During these challenging times, we have had to develop new ways of working, also regarding the negotiations, which have demanded tenacity and patience from all parties involved," said Jyrki Heinimaa, President and CEO of Rauma Marine Constructions. "We are very pleased that the contracts for the most vital and time-sensitive equipment procurements for the Finnish Defence Forces’ Squadron 2020 project have now been signed.
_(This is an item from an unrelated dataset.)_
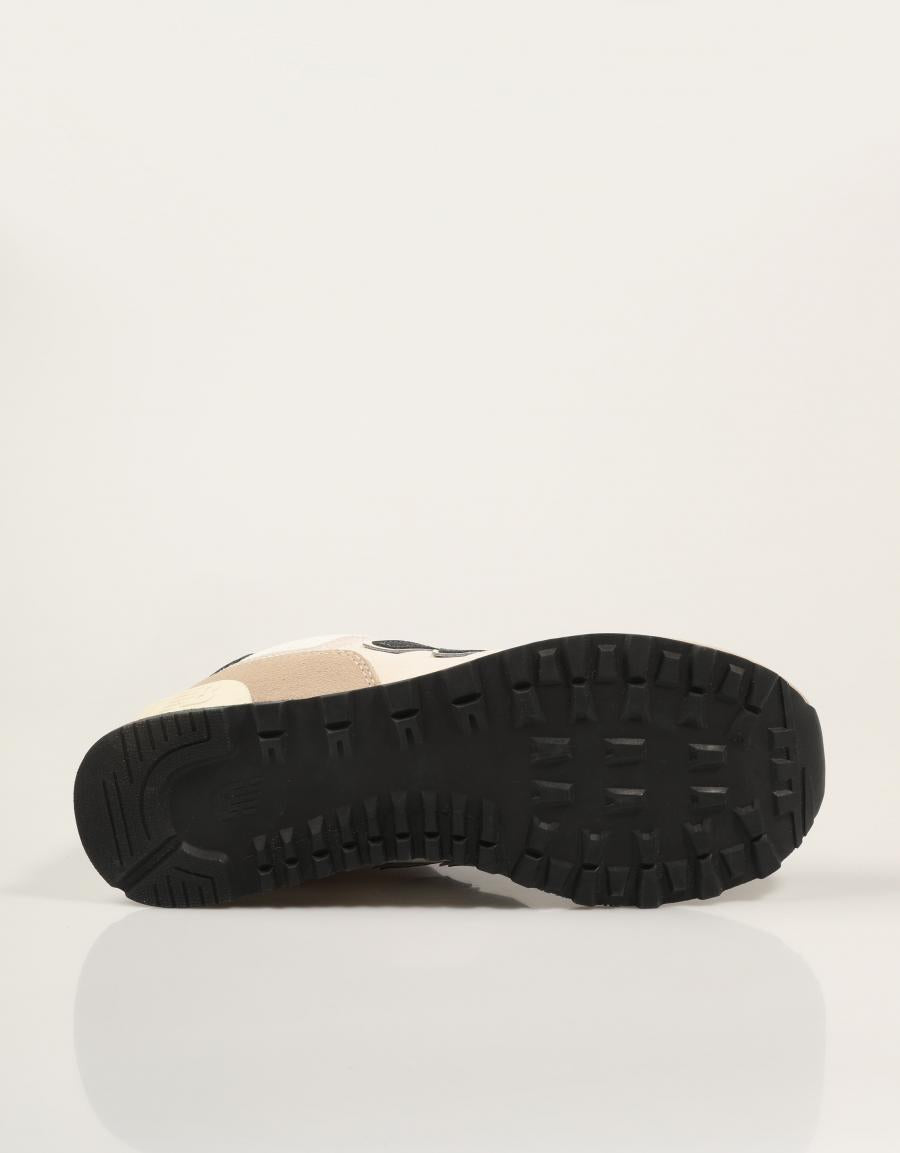 ZAPATILLAS NEW BALANCE U574 6SG en color Hielo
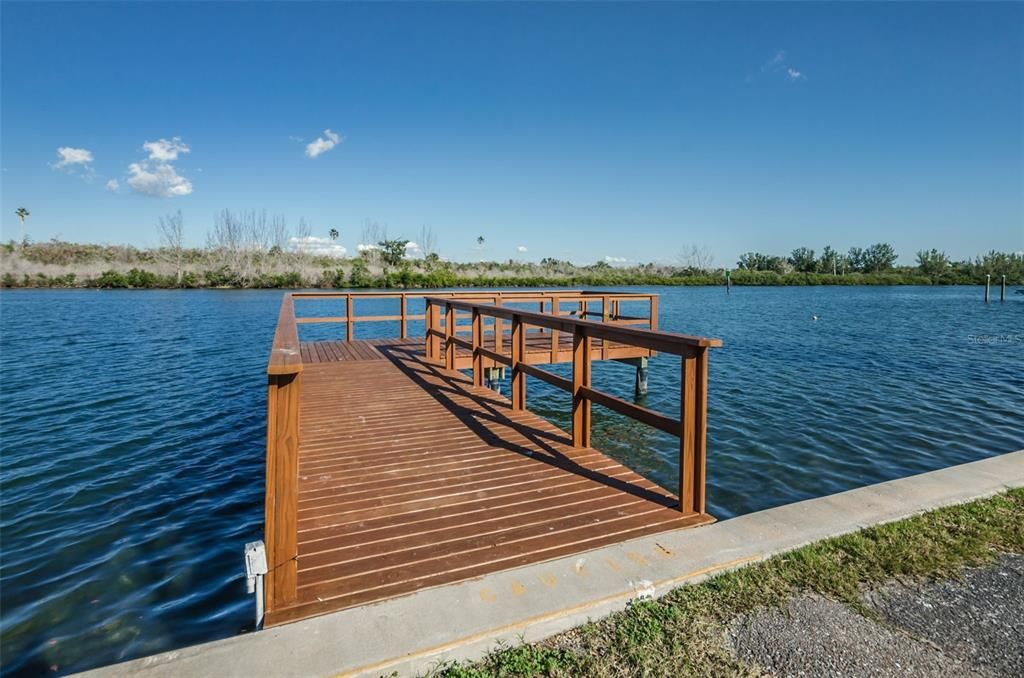 For Sale: $729,000 (2 beds, 2 baths, 1130 Square Feet)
This is a considerable achievement, especially seeing as many shipyards and businesses have unfortunately had to close down completely."

According to RMC, the most important machinery equipment in the multipurpose corvettes are the gas turbine, the electric drive system along with the gear system that connects them to the propeller shafts and the main diesel generators—each developed specifically for combat vessels.

The electric drive system and the gear system, which is critical to performance and technically challenging, will be supplied by the German company RENK AG. The company has decades of experience in delivering gear systems for combat vessels to nations around the globe.

The gas turbines will be supplied by General Electric. The LM2500 gas turbine is the world’s most commonly used gas turbine in naval ships. The Finnish Defence Forces will be the 39th navy in the world to adopt this turbine model. The LM2500 gas turbines will be Made in the U.S. at GE’s manufacturing facility in Evendale, Ohio.

Each 3,900-ton corvette will feature one GE LM2500 gas turbine in a Combined Diesel eLectric And Gas turbine (CODLAG) configuration to reach speed in excess of 26 knots. GE also will provide a full complement of gas turbine auxiliary systems including electric start and water mist firefighting systems, fuel forward and water wash skids and controls.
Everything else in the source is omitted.